WORK ORDER: Reproduce exactly, and only, the lines of the material below running from the line bearing "Puzzel 1000 stukjes" through the line bearing "SHEIN BAE Plus". Leave any pictures out.

SOURCE INFORMATION:
::::::::
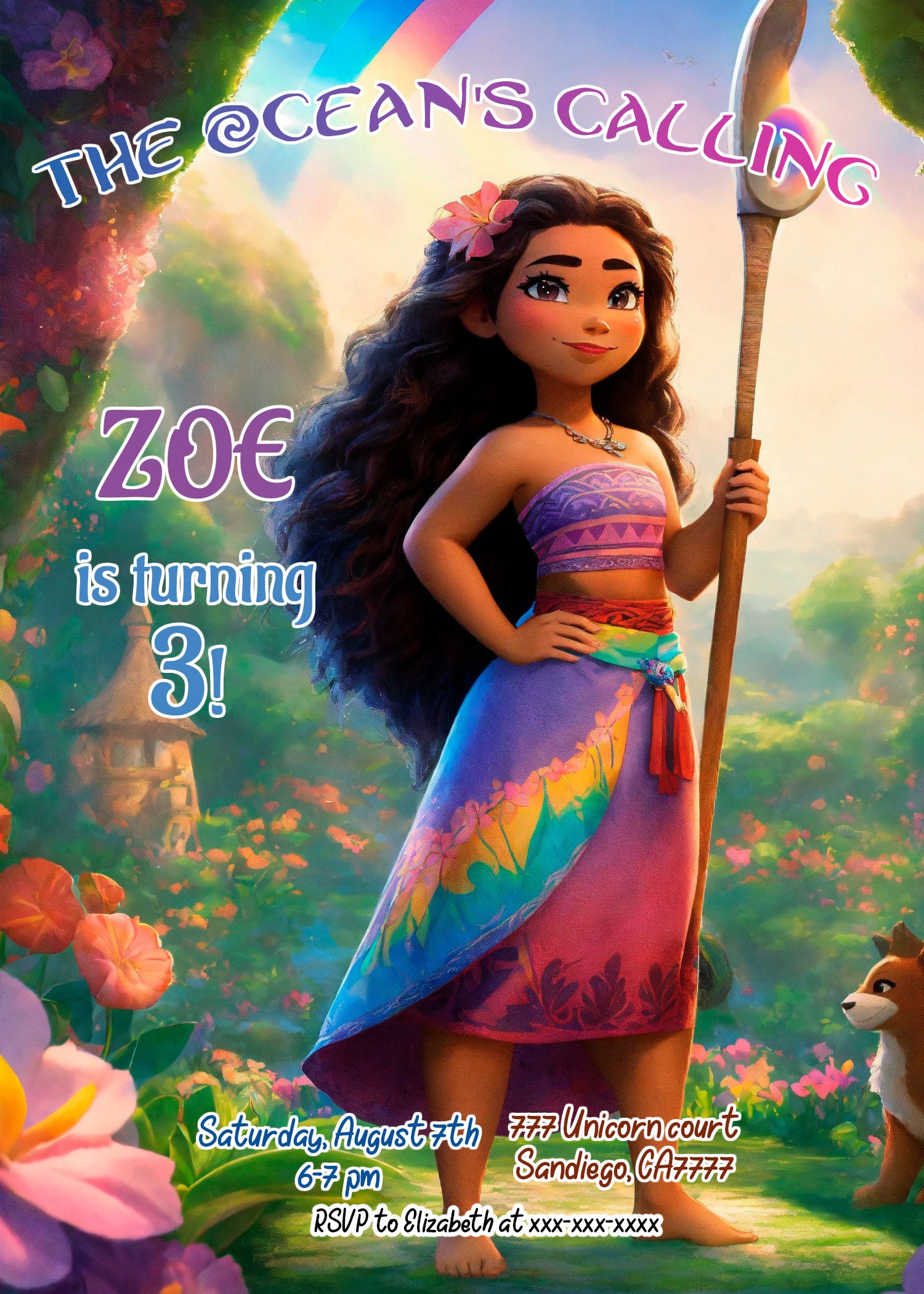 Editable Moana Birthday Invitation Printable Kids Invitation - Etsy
::::::::
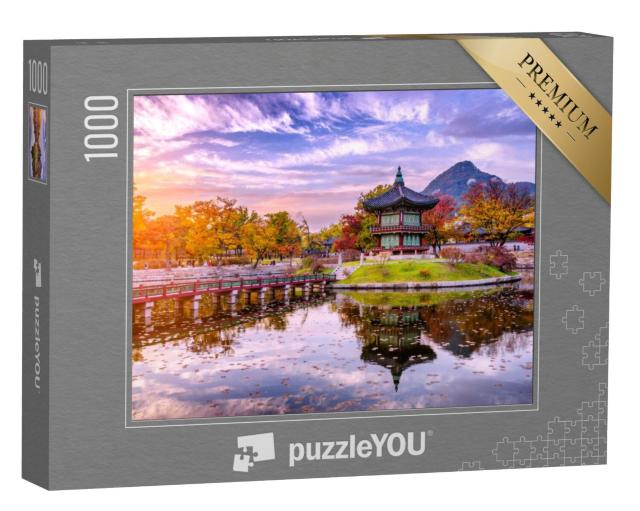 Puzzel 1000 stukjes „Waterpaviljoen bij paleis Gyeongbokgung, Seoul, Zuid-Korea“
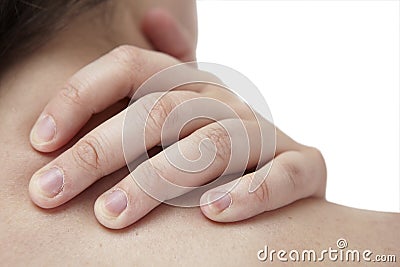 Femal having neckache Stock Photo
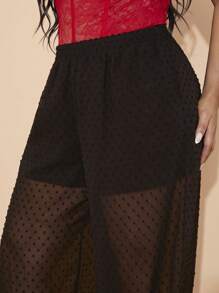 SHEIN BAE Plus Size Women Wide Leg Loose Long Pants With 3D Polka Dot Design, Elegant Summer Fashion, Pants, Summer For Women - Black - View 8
::::::::
SOLUTION TO THE EXERCISE:
 Puzzel 1000 stukjes „Waterpaviljoen bij paleis Gyeongbokgung, Seoul, Zuid-Korea“
 Femal having neckache Stock Photo
 SHEIN BAE Plus Size Women Wide Leg Loose Long Pants With 3D Polka Dot Design, Elegant Summer Fashion, Pants, Summer For Women - Black - View 8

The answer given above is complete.